LAS VEGAS — We'd like to think the automated computer networks controlling our most sensitive infrastructure — our power plants and oil refineries and wastewater facilities — are impervious to attack.
It took about 45 minutes for a security researcher to dispel that myth.
At the Black Hat Security Conference here, Dillon Beresford, an analyst at NSS Labs, demonstrated how PLCs — programmable logic controllers, small computers used for machine automation at industrial-control facilities as well as prisons — can be remotely manipulated to crash.
Such an attack would have horrific consequences. Beresford showed the audience how "repeatedly attacking a PLC could cause an entire plant to shut down." (Earlier this week, a security consultant showed how manipulating a PLC could spring someone from a prison cell.)
In his presentation, "Exploiting Siemens Simatic S7 PLCs," Beresford focused on two PLCs made by Siemens, the S7-300 and the S7-1200.
From the get-go, he found a glaring security error in the way they were built: Both the user name and the password were "Basisk" (Swedish for "basic").
In his proof-of-concept hacks, Beresford wrote data to the PLCs to bypass their password protections, retrieve data from them and make them shut down. He showed how to rig the PLC to report false data to make the operator "think that everything's functioning normal, when in fact it's not."

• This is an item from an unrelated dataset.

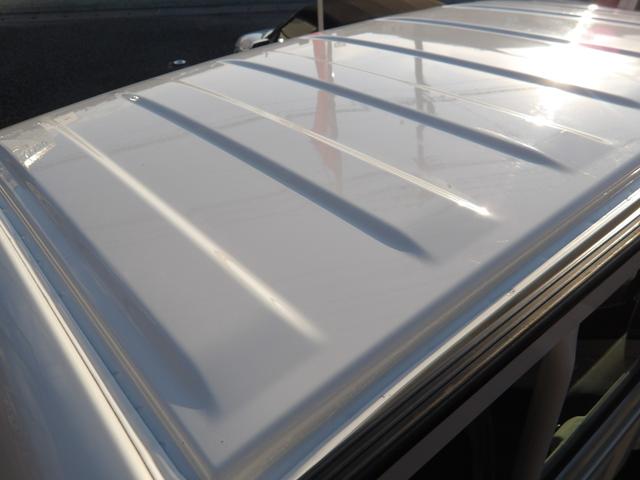 ピクシストラック スタンダードSAIIIt オプションLEDヘッドライト・スマートアシストIIIt・4WD車・ディスプレイオーディオ・DVD再生・Bluetooth対応・社外ツイータースピーカー・荷台ゴムマット(73枚目)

His hack also changed the PLC's media access control (MAC) address, device name and time of day, and it locked out the PLC's operator.
"We can pretty much own everything on the automation network," Beresford said.

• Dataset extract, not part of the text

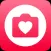 Get More Likes + Pic edit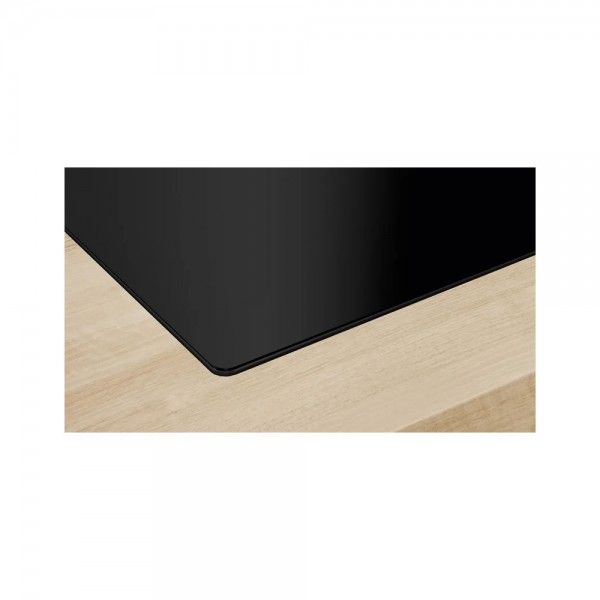 Placa de Indu��o com Ventila��o Integrada BOSCH PVS611B16E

But Beresford is a professional: He has developed exploits for some of the most high-tech supervisory control and data acquisition (SCADA) software and worked with the United States Computer Emergency Readiness Team (US-CERT) and the Industrial Control Systems Cyber Emergency Response Team (ICS-CERT).
Could someone with less practice than Beresford take over a PLC and wreak havoc on a global scale? Beresford thinks so.

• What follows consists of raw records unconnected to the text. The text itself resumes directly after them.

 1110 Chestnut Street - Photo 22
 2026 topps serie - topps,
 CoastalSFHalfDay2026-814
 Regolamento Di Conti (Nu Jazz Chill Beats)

"It's not just nation states that have this power," he said. "The average guys sitting in their basements can pull this off, and you should be scared."
Of course, any talk of attacking industrial control systems has to include Stuxnet, the notorious worm that targeted nuclear facilities in Iran.
Beresford called Stuxnet "the 800-pound gorilla in the room" and assured the audience that he had no part in creating it.
Though there would obviously be disastrous ramifications if a criminal launched an attack like Beresford's, he said it's crucial that such malicious hacking techniques be made public.
"There are a lot of adversaries out there trying to attack us, and we are trying to attack our adversaries," he said. "It's important to have this information out there so we can make things safer for everyone."